Barcelona
Barcelona era la ciudad donde durante un tiempo hubo que ir para recordar que todos pertenecíamos a Europa
Stadtluft macht frei: «El aire de la ciudad nos hace libres». El viejo lema medieval que resumía el carácter emancipador de las ciudades –puesto que en ellas no regía la ley feudal que uncía al siervo con su gleba– sigue teniendo vigencia en el mundo de la globalización. Pues es aún en las grandes urbes donde nuestros vínculos heredados se relajan y nuestras opciones vitales se multiplican. El lugar donde las ideas se alborotan, los prejuicios se conmueven y quien más quien menos se ve obligado a ser una persona distinta de la que creía ser. Porque si de una ciudad decimos que es cosmopolita no es porque reciba muchos turistas, sino por lo difícil que es en ellas ser un nacional concienciado y militante, al experimentar uno la intimación constante a la mezcla y la hibridación. Y si es verdad que en toda gran ciudad la identidad nacional se difumina –deja de ser, por así decir, un duro núcleo para convertirse en un halo incierto– esa pérdida se compensa con el regalo de una personalidad ampliada.

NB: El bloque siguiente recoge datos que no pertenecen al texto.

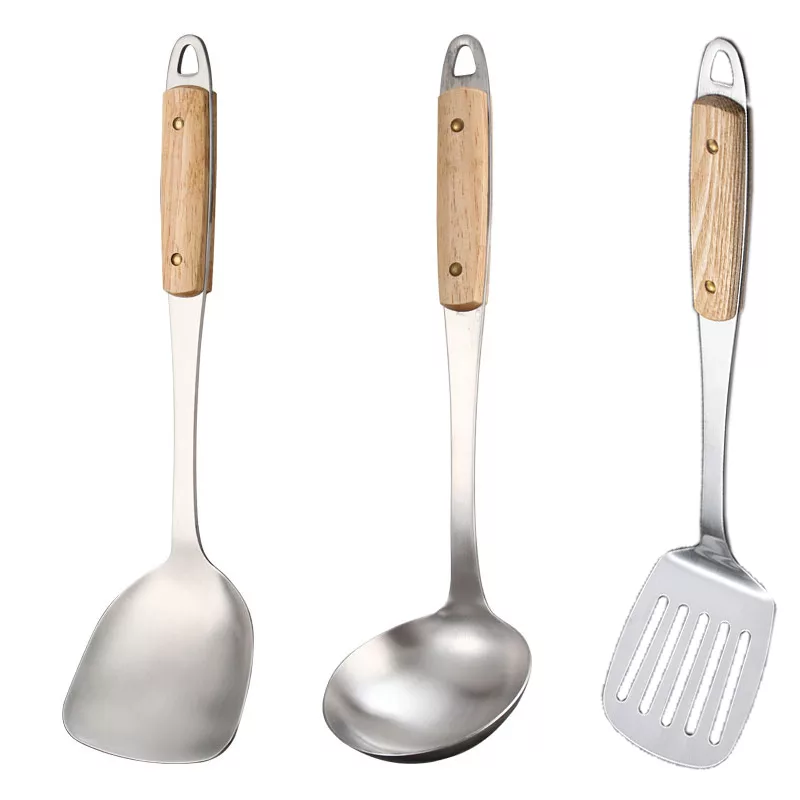 سرویس کفگیر و ملاقه سه پارچه مدل 3pcs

Es natural, por tanto, que el nacionalismo deteste las ciudades, refractarias como son a su proyecto uniformizador y, muy en particular, a esas ciudades-mundo que azares de la historia y la geografía han hecho un telar de diferencias y abigarrados colores. Lugares donde se realizan los ensayos de la weltrepublik de los ilustrados. Lo normal es que el nacionalismo se salga con la suya y deshaga la mezcla. Como todas esas ciudades danubianas que dejaron de ser portadoras de una común cultura centroeuropea para convertirse en capitales de sus respectivas naciones con la desaparición del imperio austrohúngaro. Y no es que esté mal ser capital de una pequeña nación, pero también hay que saber lo que se pierde: el continuo zarandeo creativo que solo una ciudad sin identidad homogénea proporciona. Cierto es que la diferencia entre medicina y veneno, como se sabe, es la dosis. Hay ciudades que viven sobre fallas culturales tan explosivas que no sobreviven a una mezcolanza demasiado audaz. Jerusalén no debe de ser el lugar más atractivo donde vivir. Pero hay otras ciudades donde los solapamientos son suaves y permiten un mestizaje estable. En España tenemos una ciudad así: Barcelona. Es la ciudad donde muchos españoles entraban en contacto con la realidad catalana y muchos catalanes entraban en contacto con la realidad española y donde durante un tiempo hubo que ir para recordar que todos pertenecíamos a Europa. Nadie salía indemne de esos encuentros: es decir, todos salían enriquecidos. Por mi parte, tuve la suerte de que una mañana brillante y fresca, sobre la loma del Guinardó, alguien que representa todo cuanto Barcelona es, decidiera salirse de su órbita y cambiara mi vida para siempre. Gracias sean dadas a la ciudad.